In part because of this long history, the Wampanoags in the region of what is now Plymouth did not trust the small Puritan settlement. During that first winter, they watched them. The Puritans did not behave well: they stole from nearby gravesites and food mounds. Many reasons (including a certain amount of political agency) prompted, in the Spring of 1621, a complex alliance to be forged…. Mostly on terms that, at least at first, seemed favorable to the Wampanoag. Then the Puritans were taught some of the complexities of the foodways, cultural patterns, and government practices of their hosts. They were treated generously and with kindness, despite the distrust of other indigenous neighbors.

In the fall of 1621, the Puritans decided to have a (for them unusual) day of celebration. They had, after all, survived a very tough year. As part of that, they fired their guns. Their Wampanoag neighbors heard the gunshots. They were afraid the small colony was under attack. So they armed themselves and rushed to their defense. Instead, the two groups faced one another, each fully armed. As Silverman remarks, it is a testament to their relationship at that time that they did not attack one another but instead had a conversation. The Pilgrims explained they were having a celebration. The Wampanoags decided to help them. A three-day feast followed. Almost no women and no children were present. It was not called Thanksgiving.

It is this feast that is mentioned in a few journals and which, nearly two hundred years later, was immortalized as "the first thanksgiving."

It was a very brief moment of friendship in what was, in retrospect, the beginning of the end of Wampanoag sovereignty.

A Thanksgiving proclamation was made a few years later: after the slaughter of a community in Mystic, CT. From there, history is primarily one of mistrust, warfare, and various forms of cultural genocide. Of course, there were some individual friendships. And a lot of learning.

But by and large, the story is that this particular group of Wampanoags took in the English Pilgrims, taught them how to live on the land… and were subsequently betrayed by them.

The Wampanoag story does not end with King Philip’s war, which effectively deprived the Wampanoag of their historical homeland and sent many of their leaders and their families into death and slavery. Their story continued through the subsequent 400 years to this day, where we are, finally, seeing a revitalization of language, culture, tradition, land, and recognition.

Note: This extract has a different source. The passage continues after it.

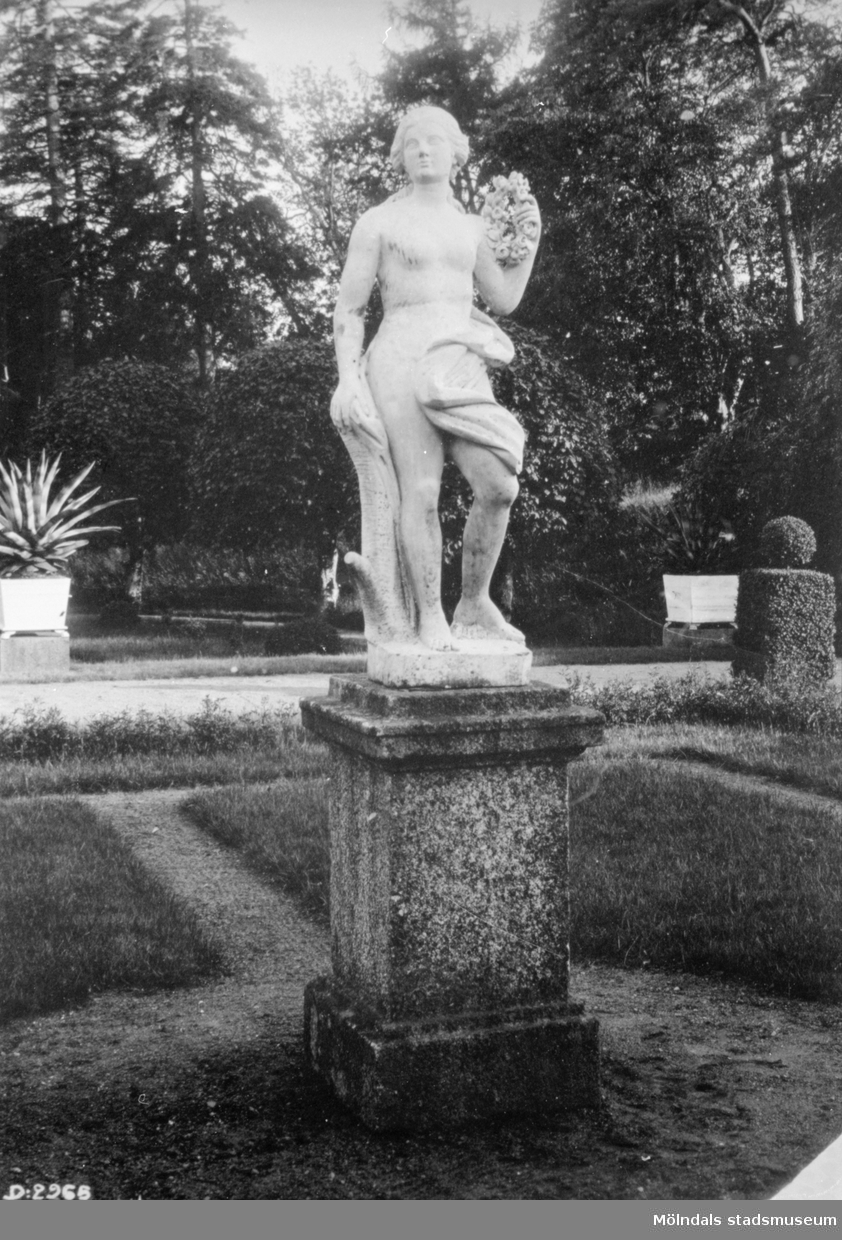 Staty i Gunnebo slottspark, 1920-tal.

The “Americans” (a term once reserved for indigenous peoples of Turtle Island, such as the Wampanoags) of the 1800s did not particularly care about the history or fate of the Wampanoag peoples. We know that because of the way the people of Plymouth, Cape Cod, and the surrounding areas continued to treat the Wampanoags as less than fully human during that time period and the extent to which their existence was blatantly ignored even as northern white protestants complained at the brutality (though rarely the supposed necessity of) the highly public Trail of Tears.

Thanksgiving as a holiday was not designed to honor Native peoples.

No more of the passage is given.